══ Dataset excerpt ══

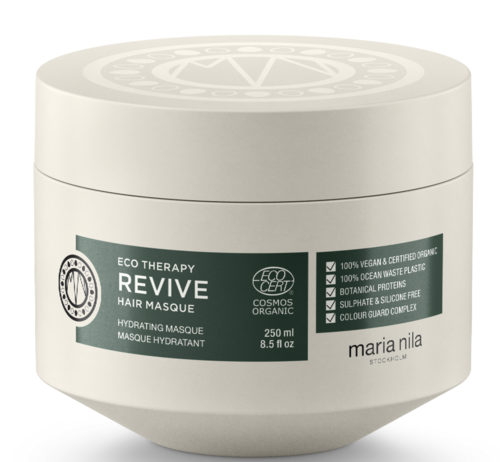 En vit burk med hårmask märkt Eco Therapy Revive, med grönt och svart text, innehållande 250ml produkt.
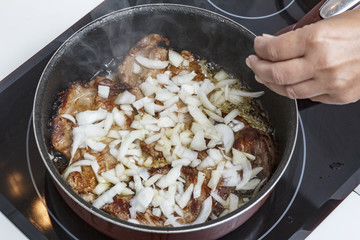 Mamá preparando en casa unas chuletas con salsa de cebolla caramelizada.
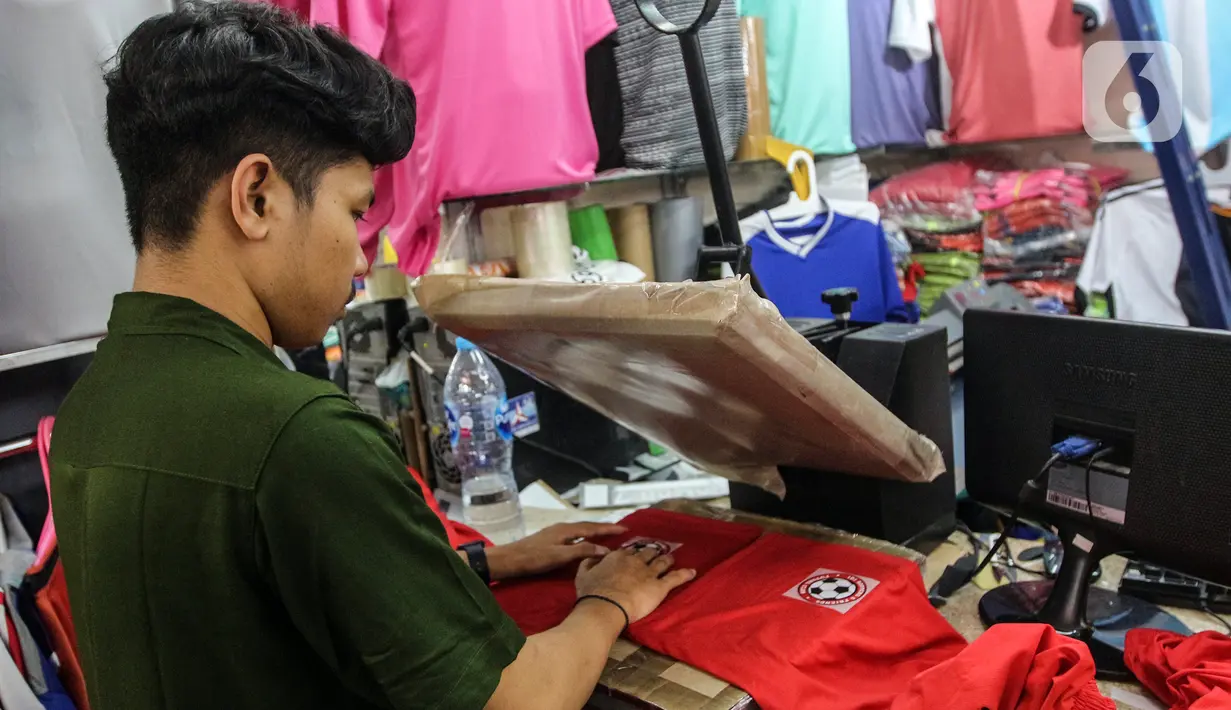 Pedagang menyablon jersey timnas sepak bola peserta Piala Dunia Qatar 2022 di salah satu kios Blok B Pasar Tanah Abang, Jakarta, Kamis (24/11/2022). Menurut pedagang, permintaan jersey timnas meningkat dikarenakan Piala Dunia Qatar 2022 yang dimulai sejak 20 November 2022. (Liputan6.com/Johan Tallo)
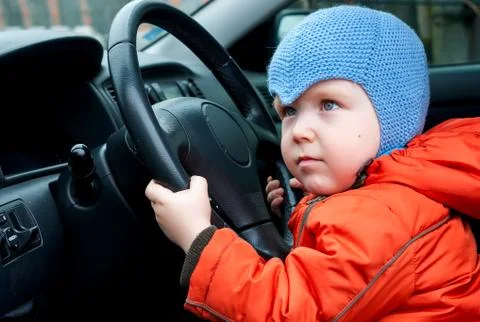 Boy sitting in the car as the driver Stock-Fotos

═══

Problem
Copy the listing above word for word. Do not include the pictures.

Result of the task
 En vit burk med hårmask märkt Eco Therapy Revive, med grönt och svart text, innehållande 250ml produkt.
 Mamá preparando en casa unas chuletas con salsa de cebolla caramelizada.
 Pedagang menyablon jersey timnas sepak bola peserta Piala Dunia Qatar 2022 di salah satu kios Blok B Pasar Tanah Abang, Jakarta, Kamis (24/11/2022). Menurut pedagang, permintaan jersey timnas meningkat dikarenakan Piala Dunia Qatar 2022 yang dimulai sejak 20 November 2022. (Liputan6.com/Johan Tallo)
 Boy sitting in the car as the driver Stock-Fotos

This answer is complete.